O texto de hoje é sobre outro interesse esquisito, o “Cristianismo Positivo”. A história é esquisita e assustadora demais, deve ser isto que despertou meu interesse.
Seguinte: Cristianismo Positivo é a ideia de que muitos nazistas tinham de que Jesus Cristo era ariano. É isso. Na minha opinião, isso é tão estranho e idiota que eu poderia terminar o texto aqui. Mas vou comentar um pouco mais.
O grande historiador brasileiro André Chevitarese, o maior especialista brasileiro no Jesus Histórico, escreveu com Daniel Brasil Justi um artigo, chamado “O Jesus Ariano. O imaginário e as concepções historiográficas do Jesus Histórico na Alemanha Nazista” (*), no qual detalha como teólogos alemães, alinhados ao nazismo, ativamente promoveram e popularizaram a imagem de um "Jesus Ariano" para desvincular o cristianismo de suas raízes judaicas e justificar o antissemitismo, culminando na colaboração com o Holocausto. Segundo os autores, por mais que o Nazismo tenha promovido o tal “Cristianismo Positivo”, estas teorias já eram anteriores à década de 1930, sempre no bojo de um antissemitismo feroz.
Em seu artigo, Chevitarese e Justi citam alguns textos antigos alemães que sugeriam tirar o Velho Testamento da Bíblia:
“Conforme observou Richard Steigmann-Gall (2004, p. 39, 48), não apenas Artur Dinter, em 1921, no seu romance O Pecado contra o Espírito (...), reivindicava a necessidade de remoção desse material judaico da bíblia cristã, pois ele constituiria um monumento ao ‘pensamento religioso dos judeus, que se baseia em mentiras e traição, negócios e lucro’, como também o próprio Mestre Eckart, a quem Hitler fez um tributo em Mein Kampf, ao escrever no poema intitulado ‘O Enigma’: ‘O Novo Testamento afastou-se do Velho / como tu te libertaste do mundo / E assim como estás livre das tuas ilusões passadas / também Jesus Cristo rejeitou a sua condição de judeu’.”

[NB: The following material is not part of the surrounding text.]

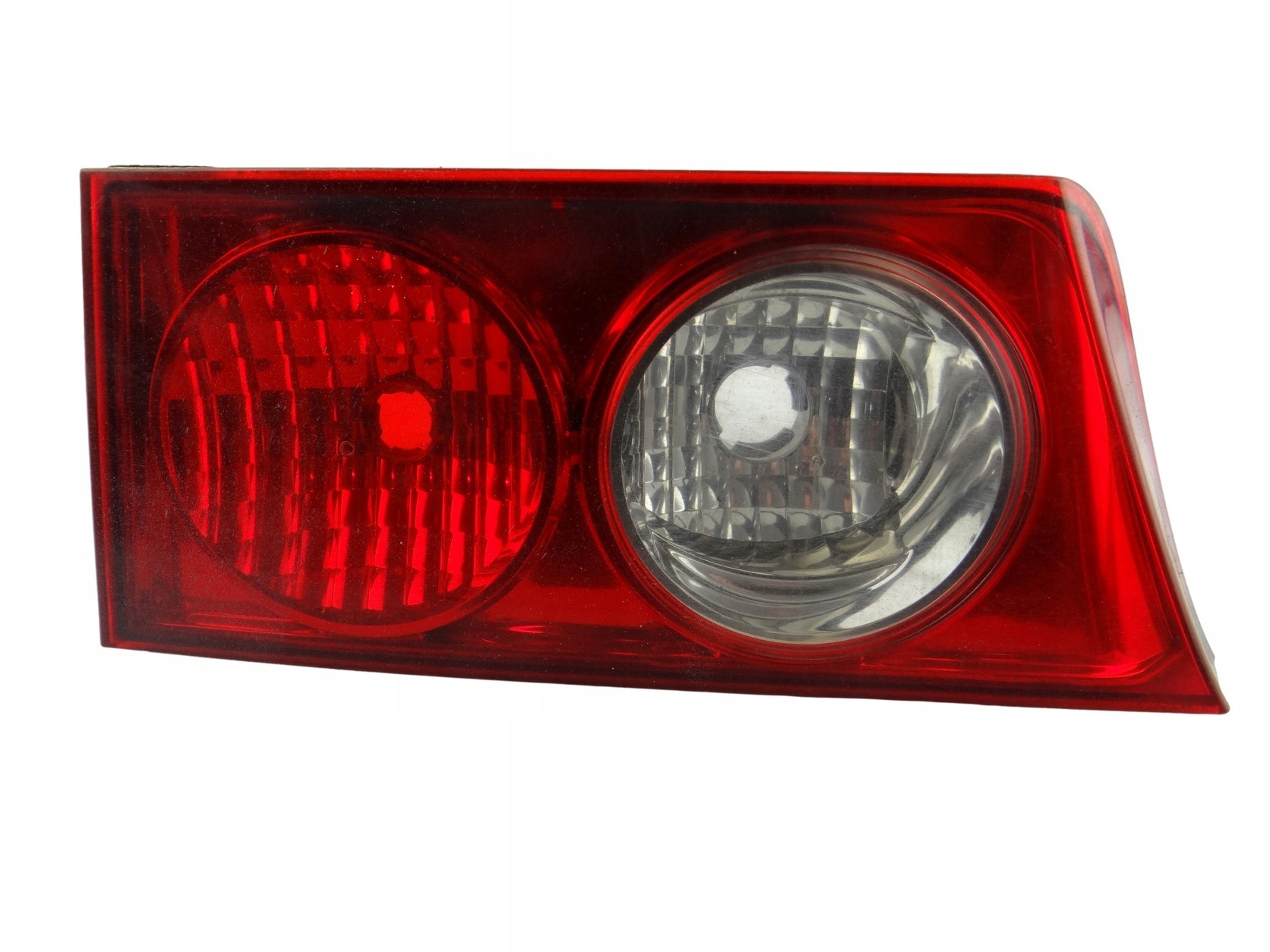 light rear bonnet HONDA ACCORD VII P3214R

Cristo, no Cristianismo Positivo, era equivalente, e muitas vezes inferior, a Hitler:
“Quanto à crença na redenção cristã entre muitos alemães durante o período nazista, percebe-se que ela era composta de duas metades, como se formassem uma perfeita simbiose (STEIGMANN-GALL, 2004, p. 46). A primeira delas era formada pela figura de Hitler como salvador. Sua missão era aquela mesma de Cristo, qual seja, a de combater sem medo e sem trégua o judaísmo. A segunda metade dizia respeito às instituições religiosas, muitas delas destacando a ideia de redenção através da cruz. Neste sentido, essa redenção só poderia ser realizada na sua plenitude pela purificação de Jesus de toda e qualquer relação com o judaísmo, reconstruindo-o como ele pretensamente teria sido, isto é, como um ariano, e não como um judeu.”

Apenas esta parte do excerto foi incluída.